Even from the faint memory I have of her, La Pelos struck me as a woman of tempestuous passions and it is not strange that she should fall for El Cogote, at that time a thick-lipped languid-eyed youth (according to a picture of him I had seen in La Gaceta ). I have been told how their first meeting took place, although, as I have said, it is not to be considered authentic.

It seems that El Cogote (at that time he had not yet achieved this glorious name) was sitting alone at a table in the café where La Pelos sang. As she passed his table she bent over and said quite loudly:

“You need company, chiquillo . Are you willing to spend ten duros?”

And El Cogote had answered still louder:

“Certainly, have you got them?”

This answer made her laugh and won her. She sat by him and encircled his neck in her fat arm.

At that moment a stout, middle-aged gentleman with a large diamond ring and a gold watch chain, approached the table slowly, ominously. He was toying with a knife of fair proportions.

He tilted his cordobes forward over his right eye and regarded El Cogote squarely:

“It seems that you are filling in your own certificate of defunction.”

El Cogote swept the man with a sidelong glance.

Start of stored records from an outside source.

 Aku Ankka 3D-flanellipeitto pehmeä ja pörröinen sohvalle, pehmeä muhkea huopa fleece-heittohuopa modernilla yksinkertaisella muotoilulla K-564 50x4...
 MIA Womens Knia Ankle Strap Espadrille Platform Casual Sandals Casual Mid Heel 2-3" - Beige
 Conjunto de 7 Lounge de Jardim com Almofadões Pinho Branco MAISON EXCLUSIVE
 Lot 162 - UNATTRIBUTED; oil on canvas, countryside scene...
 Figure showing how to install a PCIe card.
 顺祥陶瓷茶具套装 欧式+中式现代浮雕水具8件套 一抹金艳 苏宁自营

There was a cigarette hanging from his lips that shook beating time to his words as he said simply:

“I don’t think so.”

The two men looked at each other long and in silence. Then the gentleman with the diamond ring and the gold chain shook his shoulders, spat a wry smile and went away majestically. His bluff had been called, and incidentally, El Cogote had just introduced a new school.

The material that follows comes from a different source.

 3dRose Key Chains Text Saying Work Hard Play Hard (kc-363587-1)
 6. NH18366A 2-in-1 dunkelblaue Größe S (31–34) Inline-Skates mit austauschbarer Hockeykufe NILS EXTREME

After that day La Pelos belonged body and soul to El Cogote and for him she went to the dogs. According to the friend who told me the foregoing incident, El Cogote never cared for La Pelos and only used her as a good thing. She gave him an apartment, money, silk shirts, the most fashionable suits with short jackets and tight trousers, baggy at the bottom, and patent leather shoes with tan uppers. In her carriage she took him to all the verbenas and he always had at his disposal the best seats for every bullfight.

And even so he was always running after other women and treated La Pelos shamefully. She was a very jealous woman and their love affair was a stormy one. In many instances their fighting assumed such proportions and their behavior was so scandalous that the police had to interfere, but it is said that El Cogote had pull with the Prefect of Police and always got away without trouble.

However, his popularity had increased and with it his opportunities. He soon found more admirers and protectresses and his career progressed rapidly and brilliantly.

Then came a romantic incident in the life of El Cogote, which I have also gathered from various sources.

El Cogote had always been in love with a certain young lady in Madrid. A disgrace befell her family. Her father was accused of some crime and went to prison. Some people say that it was a frame-up. Others say that he was guilty. Just the same, the fact remains that he went to jail.

Some people in Spain take such disgraces entirely too seriously and often seek consolation in religion. However, whether that was the only reason, which does not seem likely, or whether there was some other motive, which the friend who told me suspects, Carmen — that was the young lady’s name — was sent to a convent in North Spain to be a nun.

They say that there a priest from a nearby convent fell in love with her and later committed suicide. This, according to my friend, is a fictional touch added by people’s imagination. But what he tells me as authentic is that El Cogote and Carmen, his sweetheart, could not console themselves for the separation imposed upon them by her family.

The result is that El Cogote visited the town where the convent was and one night the nun eloped with him. He took her back to Madrid with him as his mistress.

Apparently the reaction from her restricted past and the still more restricted environment of the convent, threw her to the other side of the balance. Under the demoralizing influence of her lover and a mad thirst for freedom, she led the most unbridled, licentious life. Soon after their arrival in Madrid, El Cogote, who during his trip to the North had accumulated a respectable amount of money from unknown sources, opened a luxurious amusement place in which the main attraction was the former nun.